Content starts
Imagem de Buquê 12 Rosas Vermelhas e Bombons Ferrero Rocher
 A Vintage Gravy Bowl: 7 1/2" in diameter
Content ends
Content starts
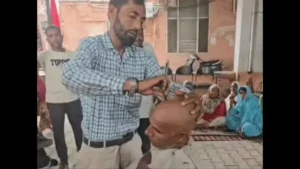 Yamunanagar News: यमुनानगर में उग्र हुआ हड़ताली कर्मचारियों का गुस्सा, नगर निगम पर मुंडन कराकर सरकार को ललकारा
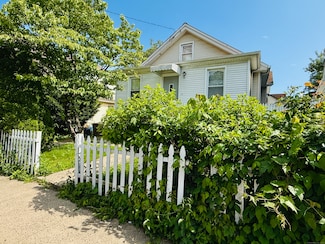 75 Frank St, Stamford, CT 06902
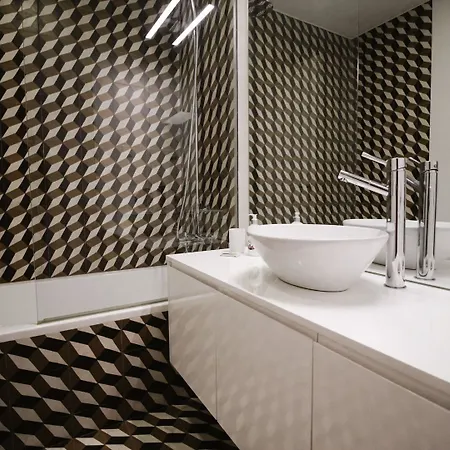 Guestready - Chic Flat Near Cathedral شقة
Content ends
WHAT IS EXPECTED
Which lines above run from the one containing "Imagem de Buquê" to the one containing "A Vintage Gravy"? Give them again exactly, both ends included.

ANSWER BOX
Imagem de Buquê 12 Rosas Vermelhas e Bombons Ferrero Rocher
 A Vintage Gravy Bowl: 7 1/2" in diameter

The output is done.